Figure 2. Tracheoscopic view of cannulated wide carinal fistula with Fogarty catheter.
There are few data on the use of TBS as well as on the diagnostic evaluation and operative management of newborns with esophageal atresia . The frequency of use in our series was 71.6%. A survey of all members of the International Pediatric Endoscopy Group (IPEG) in 2012 was completed by 170 surgeons from 31 countries . Only 60% of them underwent a tracheoscopy before the surgical repair . A lower utilization rate has been found in other series, notably in Italy (40.5%) and in France (21.5%)  .

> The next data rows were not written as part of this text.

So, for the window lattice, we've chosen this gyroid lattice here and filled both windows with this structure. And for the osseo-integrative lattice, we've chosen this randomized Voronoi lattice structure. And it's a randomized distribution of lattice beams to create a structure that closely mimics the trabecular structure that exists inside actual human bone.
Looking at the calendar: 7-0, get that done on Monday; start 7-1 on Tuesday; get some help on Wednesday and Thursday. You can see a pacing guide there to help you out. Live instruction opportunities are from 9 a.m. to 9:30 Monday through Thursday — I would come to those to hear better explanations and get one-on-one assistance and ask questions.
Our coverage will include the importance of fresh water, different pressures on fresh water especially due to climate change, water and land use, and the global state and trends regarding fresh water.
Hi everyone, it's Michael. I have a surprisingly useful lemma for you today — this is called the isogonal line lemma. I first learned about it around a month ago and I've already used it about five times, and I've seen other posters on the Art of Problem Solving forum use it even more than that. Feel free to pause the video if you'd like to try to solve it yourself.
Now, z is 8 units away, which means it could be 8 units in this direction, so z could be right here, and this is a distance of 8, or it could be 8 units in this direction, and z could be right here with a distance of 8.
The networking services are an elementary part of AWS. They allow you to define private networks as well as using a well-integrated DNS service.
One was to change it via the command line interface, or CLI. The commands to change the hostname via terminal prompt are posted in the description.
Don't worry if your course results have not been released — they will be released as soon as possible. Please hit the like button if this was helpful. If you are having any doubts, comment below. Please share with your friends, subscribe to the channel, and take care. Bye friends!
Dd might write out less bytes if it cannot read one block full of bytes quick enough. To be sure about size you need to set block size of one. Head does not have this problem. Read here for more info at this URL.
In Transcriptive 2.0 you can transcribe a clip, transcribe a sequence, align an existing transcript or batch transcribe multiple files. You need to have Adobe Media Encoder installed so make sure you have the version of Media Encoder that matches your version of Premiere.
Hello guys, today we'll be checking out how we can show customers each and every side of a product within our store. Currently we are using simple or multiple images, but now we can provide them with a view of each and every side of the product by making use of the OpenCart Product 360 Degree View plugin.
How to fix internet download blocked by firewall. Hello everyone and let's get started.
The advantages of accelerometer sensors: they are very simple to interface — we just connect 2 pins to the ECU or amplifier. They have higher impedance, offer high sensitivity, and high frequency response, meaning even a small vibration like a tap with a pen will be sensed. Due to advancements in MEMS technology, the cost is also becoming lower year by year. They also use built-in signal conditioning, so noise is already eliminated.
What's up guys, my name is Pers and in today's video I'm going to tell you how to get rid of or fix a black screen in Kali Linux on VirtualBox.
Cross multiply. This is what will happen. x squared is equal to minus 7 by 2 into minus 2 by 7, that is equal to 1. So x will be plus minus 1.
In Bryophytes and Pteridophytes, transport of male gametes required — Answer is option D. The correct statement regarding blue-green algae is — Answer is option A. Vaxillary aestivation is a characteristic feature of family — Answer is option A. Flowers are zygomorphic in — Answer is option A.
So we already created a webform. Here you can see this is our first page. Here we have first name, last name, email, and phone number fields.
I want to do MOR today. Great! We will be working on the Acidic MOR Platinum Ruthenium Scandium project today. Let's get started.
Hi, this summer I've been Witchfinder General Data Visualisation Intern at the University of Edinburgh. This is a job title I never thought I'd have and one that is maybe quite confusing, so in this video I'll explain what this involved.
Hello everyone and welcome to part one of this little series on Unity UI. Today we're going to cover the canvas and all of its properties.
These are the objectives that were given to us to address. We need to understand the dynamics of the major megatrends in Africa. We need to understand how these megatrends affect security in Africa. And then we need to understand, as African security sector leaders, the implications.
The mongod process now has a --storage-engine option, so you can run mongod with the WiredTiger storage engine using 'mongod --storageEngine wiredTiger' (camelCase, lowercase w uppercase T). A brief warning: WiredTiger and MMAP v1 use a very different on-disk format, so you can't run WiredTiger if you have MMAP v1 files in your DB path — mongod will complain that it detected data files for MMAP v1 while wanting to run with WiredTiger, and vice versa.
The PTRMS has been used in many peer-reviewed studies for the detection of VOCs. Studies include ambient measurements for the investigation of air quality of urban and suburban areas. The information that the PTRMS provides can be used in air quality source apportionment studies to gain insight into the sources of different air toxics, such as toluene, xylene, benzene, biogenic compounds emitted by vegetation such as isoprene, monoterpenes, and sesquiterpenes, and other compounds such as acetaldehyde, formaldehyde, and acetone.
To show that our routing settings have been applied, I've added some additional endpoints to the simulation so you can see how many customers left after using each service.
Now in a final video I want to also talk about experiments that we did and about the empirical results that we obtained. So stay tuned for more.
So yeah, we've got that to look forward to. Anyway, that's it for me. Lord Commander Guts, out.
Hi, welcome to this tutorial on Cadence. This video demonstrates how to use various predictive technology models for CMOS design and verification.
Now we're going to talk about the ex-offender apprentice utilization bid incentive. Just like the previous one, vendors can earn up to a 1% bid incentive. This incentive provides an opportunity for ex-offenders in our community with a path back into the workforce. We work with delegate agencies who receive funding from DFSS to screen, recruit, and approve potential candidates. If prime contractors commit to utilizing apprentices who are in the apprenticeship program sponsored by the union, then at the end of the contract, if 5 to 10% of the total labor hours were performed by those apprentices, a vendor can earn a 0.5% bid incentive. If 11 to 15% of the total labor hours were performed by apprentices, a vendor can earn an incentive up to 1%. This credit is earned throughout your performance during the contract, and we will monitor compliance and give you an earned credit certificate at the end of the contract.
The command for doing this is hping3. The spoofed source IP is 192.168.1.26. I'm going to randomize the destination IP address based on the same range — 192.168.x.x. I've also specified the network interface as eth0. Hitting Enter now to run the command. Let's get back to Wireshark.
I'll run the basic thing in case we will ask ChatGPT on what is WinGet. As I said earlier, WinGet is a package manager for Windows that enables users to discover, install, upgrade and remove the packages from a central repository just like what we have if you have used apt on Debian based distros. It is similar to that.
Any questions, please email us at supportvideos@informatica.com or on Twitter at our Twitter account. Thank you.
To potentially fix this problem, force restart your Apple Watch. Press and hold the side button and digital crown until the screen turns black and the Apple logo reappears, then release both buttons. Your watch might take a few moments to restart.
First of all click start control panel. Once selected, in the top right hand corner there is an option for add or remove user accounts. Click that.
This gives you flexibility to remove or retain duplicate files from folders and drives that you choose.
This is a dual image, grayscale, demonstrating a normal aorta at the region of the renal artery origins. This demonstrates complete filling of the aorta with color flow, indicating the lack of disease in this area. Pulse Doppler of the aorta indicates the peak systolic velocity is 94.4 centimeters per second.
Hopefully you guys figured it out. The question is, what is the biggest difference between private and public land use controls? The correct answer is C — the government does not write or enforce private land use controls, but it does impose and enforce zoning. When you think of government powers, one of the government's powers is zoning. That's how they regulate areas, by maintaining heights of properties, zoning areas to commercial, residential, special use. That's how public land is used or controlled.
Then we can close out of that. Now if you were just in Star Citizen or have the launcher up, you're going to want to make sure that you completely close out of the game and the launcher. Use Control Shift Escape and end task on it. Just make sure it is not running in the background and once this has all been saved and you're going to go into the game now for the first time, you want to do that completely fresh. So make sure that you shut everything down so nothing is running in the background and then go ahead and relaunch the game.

In our series, TBS confirmed the preoperative diagnosis of all type C and type E esophageal atresia. Our results are comparable to those of Atzori . TBS can also be useful for the detection of associated malformations of the tracheobronchial tree. We found cases of tracheomalacia, 3 stem bronchi and a diverticulum of the trachea. The association of tracheomalacia and esophageal atresia has been well described, although often not detected . According to Benjamin , the definitive diagnosis of tracheomalacia can be made by bronchoscopy. Kosloske et al.  concluded that tracheomalacia would be better assessed after repair of esophageal atresia and tracheoesophageal fistula in spontaneous respiration. The presence of significant tracheomalacia may alert clinicians to the need for non-invasive support following extubation. The benefit of preoperative TBS is maximal in newborns with suspected pure EA due to a “gasless abdomen” on x-ray. In this EA subgroup, TBS reveals a proximal ETF in 20% - 33% with resultant change in management  . Preoperative endoscopic intubation of the ETF with the aim facilitating surgical repair, Fogarty balloon TOF occlusion to aid ventilation and selective trans-tracheal gastric drainage have been described    . The surgical approach was modified in a patient with type E EA who underwent a thoracotomy due to the location of the ETF next to D3. Atzori et al. changed their surgical approach in 24.2% . Thus, TBS was beneficial from a diagnostic point of view (anatomical type of EA and associated malformations) and therapeutic management in 7 patients. Also, cannulation of the fistula made it easier to identify the fistula during the thoracotomy. Oxygen desaturation, coughing, epistaxis, laryngospasm and bronchospasm have been the complications associated with the achievement of TBS described in very low birth weight infants   . Complications such as pneumothorax have been reported in children . In our series, we did not find its complications. The limits of our study are the retrospective, monocentric and the operator expertise (TBS).
TBS is a useful and safe procedure. Our study confirms the benefits of TBS in the management of esophageal atresia or congenital esoaerian fistula. It facilitates surgical repair and improves ventilation of the newborn.